In our example, the x variable is the gdp growth rate and the y variable is the change in the unemployment rate.

fig, ax = plt.subplots(figsize=(10,5))

ax.scatter(fred_q['gdp_gr'], fred_q['unemp_dif'])

ax.set_title('Okun\'s Law in the United States' )
ax.set_ylabel('change in unemployment rate')
ax.set_xlabel('gdp growth rate')

ax.spines['top'].set_visible(False)
ax.spines['right'].set_visible(False)

Clearly, there is a negative correlation here: Low gdp growth rates are associated with positive changes in the unemployment rate. When gdp is growing slowly (or falling) unemployment is rising.

Practice: Scatters

Let's explore some of scatter plot's options. Use the documentation for help.

Modify the Okun's Law figure we just made.

  1. Change the color of the dots to red.
  2. Change the edgecolor of the markers to black. (markers have edges and faces)
  3. Use the s option to set the size of the markers (in points squared) to 70.

Check out the documentation for marker styles. These styles can be used with .plot() command, too.

  1. Change the marker to a triangle.
  2. Use text() or annotate() to label the point corresponding to third quarter 2009: '2009Q3'

Scatter plots are very useful and we can do a lot more with them. Places to go from here.

  1. Add a line of best fit. A bit clunky in matplotlib (use np's polyfit command), but not too bad. The seaborn package has a regplot command that makes this dead simple.
  2. Make data markers different colors or sizes depending on the value of a third variable. For example, you could get some more data and color the markers for years with a repbulican president red and markers for years with democratic presidents blue.
  3. Other ideas?






Practice: Bar charts

Maybe you prefer a horizontal bar chart. Same data, same approach. We just need to swap all the y labels for x labels.
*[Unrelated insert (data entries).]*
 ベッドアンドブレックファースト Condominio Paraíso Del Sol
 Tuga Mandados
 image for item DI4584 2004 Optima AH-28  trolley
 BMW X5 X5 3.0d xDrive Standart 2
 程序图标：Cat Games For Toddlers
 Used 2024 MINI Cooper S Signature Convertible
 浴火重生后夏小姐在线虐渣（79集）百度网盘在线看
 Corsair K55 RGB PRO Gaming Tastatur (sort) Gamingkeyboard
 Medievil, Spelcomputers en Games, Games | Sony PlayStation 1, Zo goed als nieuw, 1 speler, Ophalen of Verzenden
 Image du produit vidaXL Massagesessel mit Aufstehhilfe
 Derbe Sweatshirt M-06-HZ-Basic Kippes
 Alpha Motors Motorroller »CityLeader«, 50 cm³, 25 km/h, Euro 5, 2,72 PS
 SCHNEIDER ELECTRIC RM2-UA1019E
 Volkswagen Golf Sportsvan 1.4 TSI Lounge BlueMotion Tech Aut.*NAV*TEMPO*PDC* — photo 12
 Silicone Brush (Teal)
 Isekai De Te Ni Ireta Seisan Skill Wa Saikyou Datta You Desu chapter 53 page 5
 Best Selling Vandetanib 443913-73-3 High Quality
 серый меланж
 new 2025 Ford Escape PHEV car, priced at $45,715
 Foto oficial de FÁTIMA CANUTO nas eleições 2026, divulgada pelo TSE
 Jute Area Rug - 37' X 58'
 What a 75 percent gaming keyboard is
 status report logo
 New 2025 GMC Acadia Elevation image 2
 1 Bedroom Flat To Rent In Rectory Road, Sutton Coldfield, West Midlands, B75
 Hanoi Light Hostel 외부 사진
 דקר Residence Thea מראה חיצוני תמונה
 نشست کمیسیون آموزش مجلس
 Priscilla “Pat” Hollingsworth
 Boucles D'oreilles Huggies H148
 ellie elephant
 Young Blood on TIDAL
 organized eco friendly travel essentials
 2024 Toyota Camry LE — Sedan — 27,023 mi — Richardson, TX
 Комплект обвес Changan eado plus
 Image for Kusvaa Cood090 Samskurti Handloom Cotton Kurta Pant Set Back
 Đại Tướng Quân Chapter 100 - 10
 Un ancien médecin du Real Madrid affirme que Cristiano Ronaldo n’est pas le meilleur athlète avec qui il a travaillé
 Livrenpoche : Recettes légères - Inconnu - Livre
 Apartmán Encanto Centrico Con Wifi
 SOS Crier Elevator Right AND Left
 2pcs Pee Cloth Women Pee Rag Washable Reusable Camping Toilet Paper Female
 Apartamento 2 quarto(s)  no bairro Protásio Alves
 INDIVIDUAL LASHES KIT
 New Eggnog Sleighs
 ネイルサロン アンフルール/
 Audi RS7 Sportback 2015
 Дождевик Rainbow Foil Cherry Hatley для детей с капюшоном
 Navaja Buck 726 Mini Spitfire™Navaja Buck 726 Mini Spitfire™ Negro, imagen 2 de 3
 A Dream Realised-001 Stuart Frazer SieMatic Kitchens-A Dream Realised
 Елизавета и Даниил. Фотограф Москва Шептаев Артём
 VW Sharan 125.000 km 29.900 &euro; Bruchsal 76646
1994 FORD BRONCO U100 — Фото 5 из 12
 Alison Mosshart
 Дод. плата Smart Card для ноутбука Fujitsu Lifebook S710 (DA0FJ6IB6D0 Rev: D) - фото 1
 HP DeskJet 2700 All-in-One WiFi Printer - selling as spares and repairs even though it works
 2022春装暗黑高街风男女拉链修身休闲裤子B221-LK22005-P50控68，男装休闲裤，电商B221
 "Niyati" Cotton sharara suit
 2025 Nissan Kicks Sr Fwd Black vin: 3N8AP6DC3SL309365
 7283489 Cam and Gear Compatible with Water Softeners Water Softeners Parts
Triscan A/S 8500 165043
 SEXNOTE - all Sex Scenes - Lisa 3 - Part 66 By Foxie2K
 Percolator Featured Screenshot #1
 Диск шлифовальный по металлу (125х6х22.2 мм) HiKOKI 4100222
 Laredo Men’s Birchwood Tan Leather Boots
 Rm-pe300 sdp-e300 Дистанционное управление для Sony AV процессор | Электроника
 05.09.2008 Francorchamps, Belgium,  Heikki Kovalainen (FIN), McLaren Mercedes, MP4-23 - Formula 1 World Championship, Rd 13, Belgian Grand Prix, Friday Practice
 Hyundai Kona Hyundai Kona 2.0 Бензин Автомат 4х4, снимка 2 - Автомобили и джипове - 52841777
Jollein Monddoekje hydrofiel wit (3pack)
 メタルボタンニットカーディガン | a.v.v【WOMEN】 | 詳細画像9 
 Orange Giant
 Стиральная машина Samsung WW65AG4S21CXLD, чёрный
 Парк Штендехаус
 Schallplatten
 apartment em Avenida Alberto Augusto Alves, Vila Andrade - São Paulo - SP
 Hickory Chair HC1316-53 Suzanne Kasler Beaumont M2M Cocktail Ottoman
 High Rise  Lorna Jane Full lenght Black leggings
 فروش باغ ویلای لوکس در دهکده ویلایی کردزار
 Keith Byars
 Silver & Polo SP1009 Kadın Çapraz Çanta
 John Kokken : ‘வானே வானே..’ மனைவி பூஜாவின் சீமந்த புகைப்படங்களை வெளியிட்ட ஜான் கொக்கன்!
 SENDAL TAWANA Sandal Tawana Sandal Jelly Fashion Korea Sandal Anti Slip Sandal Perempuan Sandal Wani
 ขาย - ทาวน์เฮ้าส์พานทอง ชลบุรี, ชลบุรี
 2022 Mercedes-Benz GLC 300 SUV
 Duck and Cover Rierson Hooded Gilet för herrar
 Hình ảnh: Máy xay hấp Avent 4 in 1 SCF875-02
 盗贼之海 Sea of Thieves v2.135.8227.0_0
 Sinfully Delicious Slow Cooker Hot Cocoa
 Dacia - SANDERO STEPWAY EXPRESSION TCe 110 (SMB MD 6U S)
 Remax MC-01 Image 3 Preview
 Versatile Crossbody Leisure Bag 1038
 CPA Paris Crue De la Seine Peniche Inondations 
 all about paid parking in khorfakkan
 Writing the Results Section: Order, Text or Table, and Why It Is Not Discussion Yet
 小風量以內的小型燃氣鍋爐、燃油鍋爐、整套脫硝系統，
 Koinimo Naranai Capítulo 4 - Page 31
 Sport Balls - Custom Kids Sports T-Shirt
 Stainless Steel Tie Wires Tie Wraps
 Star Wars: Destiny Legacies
  1. Create a horizontal bar chart of the gdp data we used above. Check the documentation for .barh()
  2. Fix up your figure labels, etc.
fig, ax = plt.subplots(figsize=(10,5))

gdp_sort= gdp.sort_values('gdppc')

ax.barh(gdp.sort_values('gdppc').index, gdp.sort_values('gdppc')['gdppc'], color='silver')      
ax.grid(axis='x', color='white')

ax.spines['top'].set_visible(False)
ax.spines['right'].set_visible(False)

ax.set_xlabel('PPP GDP per capita (thousands of USD)')
ax.set_title('Income per person (at purchasing power parity)')

plt.show()
  1. Create a new horizontal bar chart where each bar is gdp per capita relative to the United States. So USA =1, MEX = 0.31, etc.
# Divide all country gdppc by the US gdppc
gdp['rel_gdp'] = gdp['gdppc']/gdp.loc['USA', 'gdppc']

# Now plot
fig, ax = plt.subplots(figsize=(10,5))

ax.barh(gdp.sort_values('gdppc').index, gdp.sort_values('gdppc')['rel_gdp'], color='silver')
ax.grid(axis='x', color='white')

ax.spines['top'].set_visible(False)
ax.spines['right'].set_visible(False)

ax.set_xlabel('PPP GDP per capita relative to the United States')
ax.set_title('Income per person (at purchasing power parity)')

plt.show()

We have done this kind of thing before. By dividing through by U.S. gdppc, we are changing the unit of measurement. In our previous figures, the units were thousands of U.S. dollars. Now, the units are 'size relative to the United States'. When we do this, we are normalizing the variable. This makes it even easier to see how other countries compare to the United States, which has the highest income in the group.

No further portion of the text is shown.